Given information:
****************************************

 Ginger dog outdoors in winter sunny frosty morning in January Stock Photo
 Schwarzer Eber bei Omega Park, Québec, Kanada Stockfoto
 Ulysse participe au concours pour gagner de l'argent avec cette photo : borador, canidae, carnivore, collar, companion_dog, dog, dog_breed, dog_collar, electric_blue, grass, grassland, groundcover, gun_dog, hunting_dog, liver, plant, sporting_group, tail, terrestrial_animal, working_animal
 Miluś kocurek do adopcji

****************************************

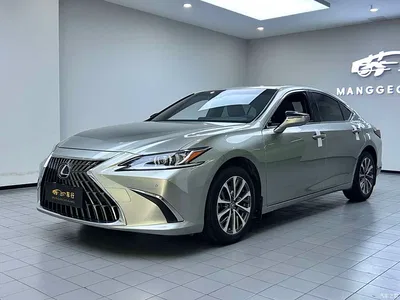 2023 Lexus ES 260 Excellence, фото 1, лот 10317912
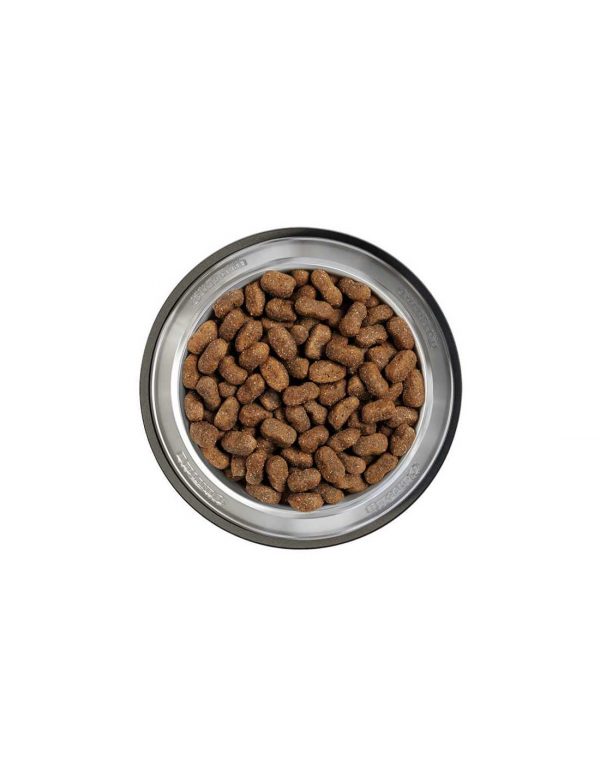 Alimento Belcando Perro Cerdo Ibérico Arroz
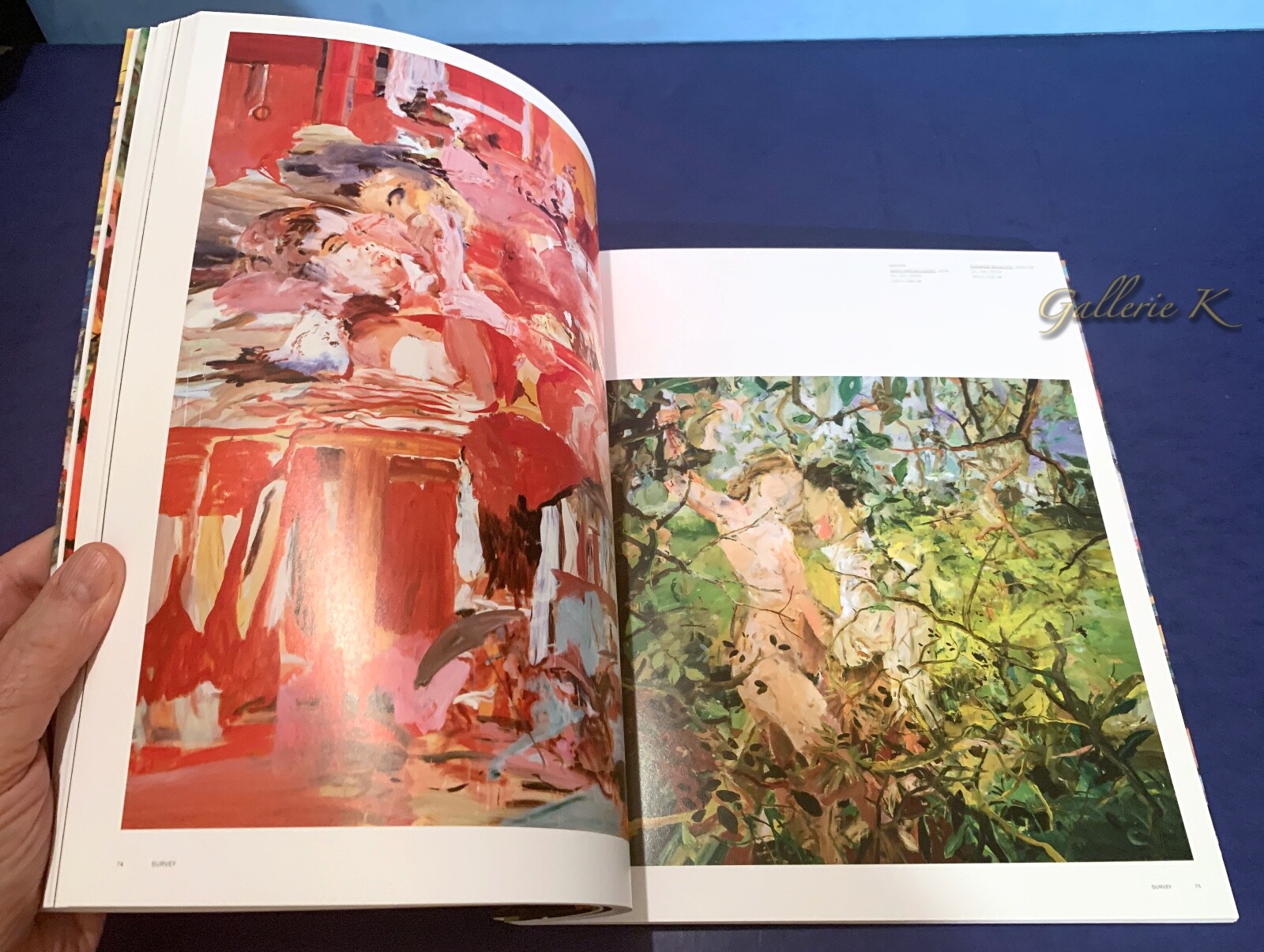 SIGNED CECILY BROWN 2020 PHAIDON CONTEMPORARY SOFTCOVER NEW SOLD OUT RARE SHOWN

****************************************

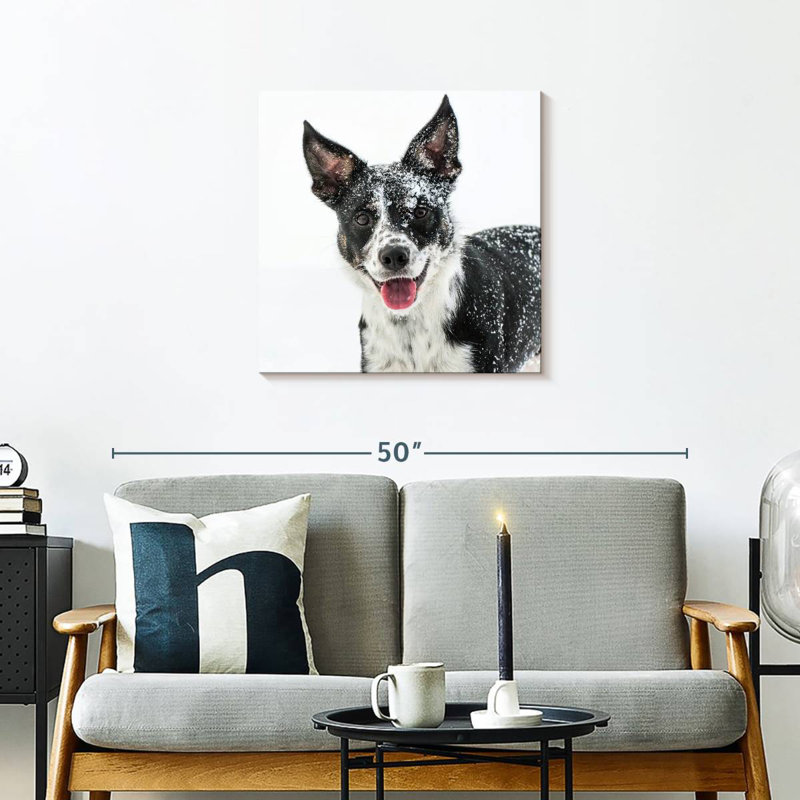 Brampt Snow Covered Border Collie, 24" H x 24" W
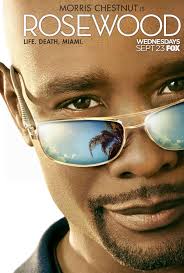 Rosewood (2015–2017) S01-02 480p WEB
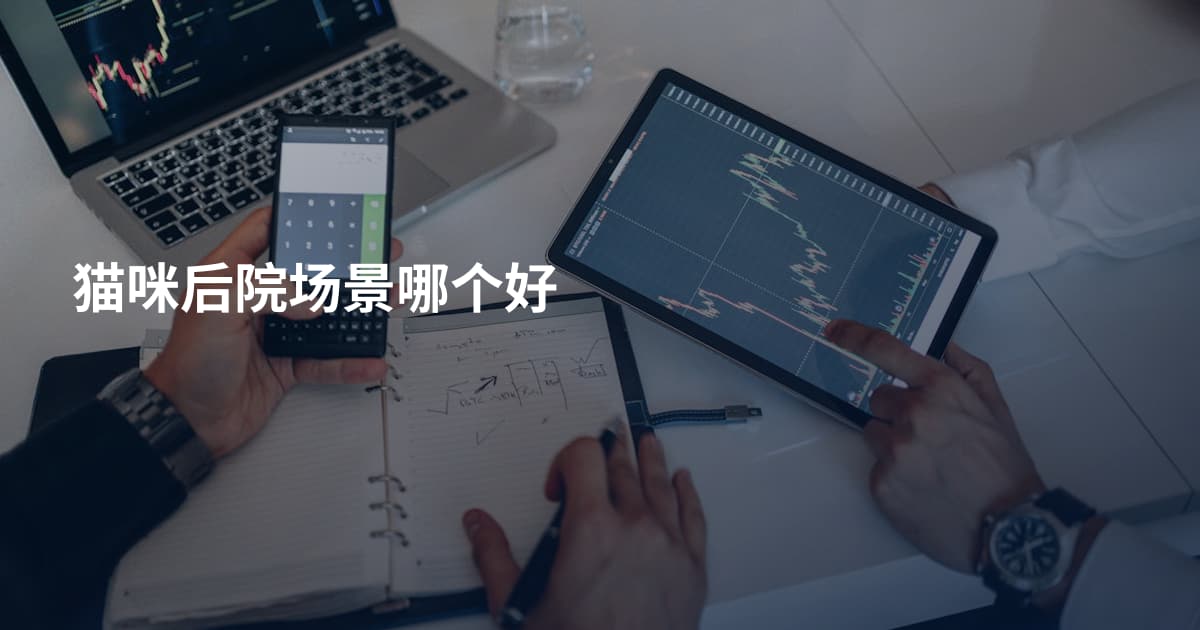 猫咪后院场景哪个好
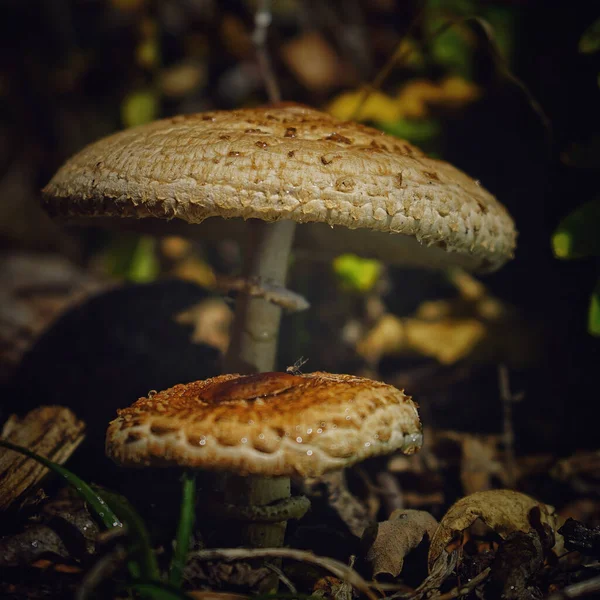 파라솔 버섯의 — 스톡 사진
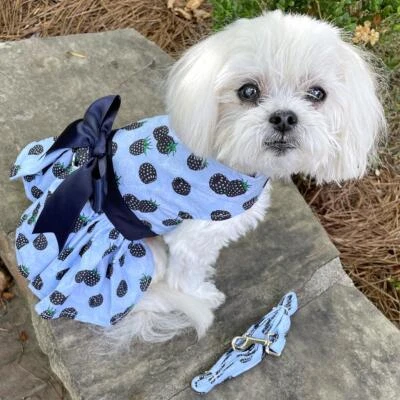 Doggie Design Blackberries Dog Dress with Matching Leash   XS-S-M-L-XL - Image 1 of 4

****************************************

What is being asked:
Using the data above, transcribe exactly the lines between those containing "2023 Lexus ES" and "SIGNED CECILY BROWN", inclusive, and leave every picture behind.

Written answer:
 2023 Lexus ES 260 Excellence, фото 1, лот 10317912
 Alimento Belcando Perro Cerdo Ibérico Arroz
 SIGNED CECILY BROWN 2020 PHAIDON CONTEMPORARY SOFTCOVER NEW SOLD OUT RARE SHOWN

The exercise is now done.